Le gros problème reste le calendrier qui, comme toujours avec Elon Musk, s'avère optimiste. Il a même plaisanté à ce sujet lors de sa conférence au congrès d'astronautique que vous évoquez puisqu'il envisage les premiers vols habités sur Mars avant 2030. Pourquoi je vous parle de Mars ? Car l'énorme engin présenté pour des voyages rapides à l'autre bout du monde est un dérivé de celui qui doit faire d'une réalité les vols habités vers Mars. Il ne faut pas oublier que la société d'Elon Musk, SpaceX, accomplit des vols cargo vers la Station Spatiale Internationale pour le compte de la NASA, sous contrat, et doit bientôt y transporter les astronautes de cette agence. Avec ce concept, Musk souligne que son rêve martien repose sur un engin qui peut servir aux projets de la NASA qu'il s'agisse de la Station Spatiale Internationale (il a montré une version de l'engin allant vers cette station) ou pour aider à l'établissement d'une base lunaire. Au final, le calendrier dépendra, outre les défis du développement technique, des investissements. Et la version permettant des vols longue distance sur notre planète en moins d'une heure adresse un message clair aux investisseurs : c'est un moyen de rentabiliser plus rapidement une infrastructure qui coutera au bas mot dans les 10 milliards de dollars à mettre au point.
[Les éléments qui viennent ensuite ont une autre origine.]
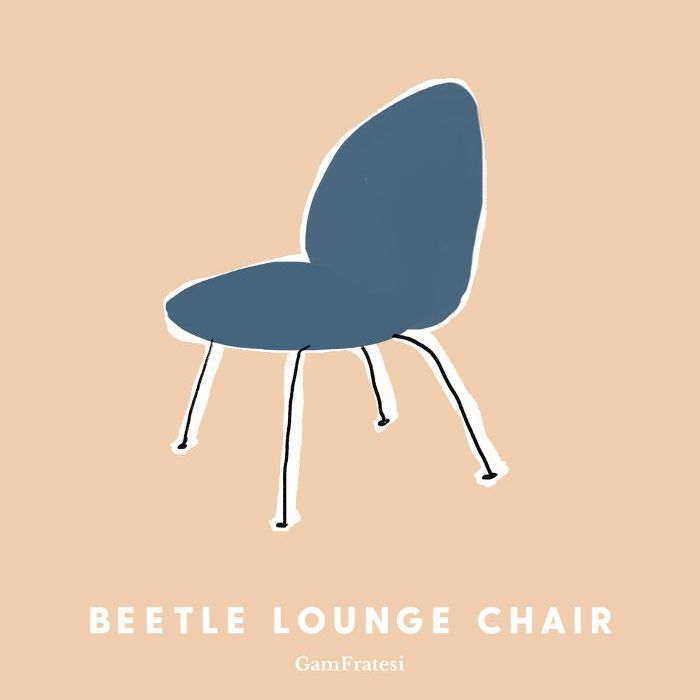 GamFratesi在桃色背景上绘制的甲虫躺椅线条。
Dans le cas ou tel projet arrivait à son terme, quelles seraient les conditions de transport à envisager pour les passagers ? Comment pourrait se dérouler un tel "vol" pour une personne non préparée ?

Le profil de vol n'a pas été détaillé, mais ce qui est montré semble avoir les caractéristiques classiques d'un vol suborbital. Ceci implique au décollage éventuellement jusqu'à 3g, donc les passagers subiront 3 fois leur poids. Et peut-être un peu plus en phase de retour lors de la décélération. Et entre les deux, il y aura une phase d'impesanteur. Ce ne sont pas des conditions trop difficiles à supporter sur le plan de la santé, mais ce peut être clairement inconfortable pour du transport de masse de style aérien. Il sera intéressant de voir si les ingénieurs de SpaceX peuvent mettre au point un profil de vol plus "doux".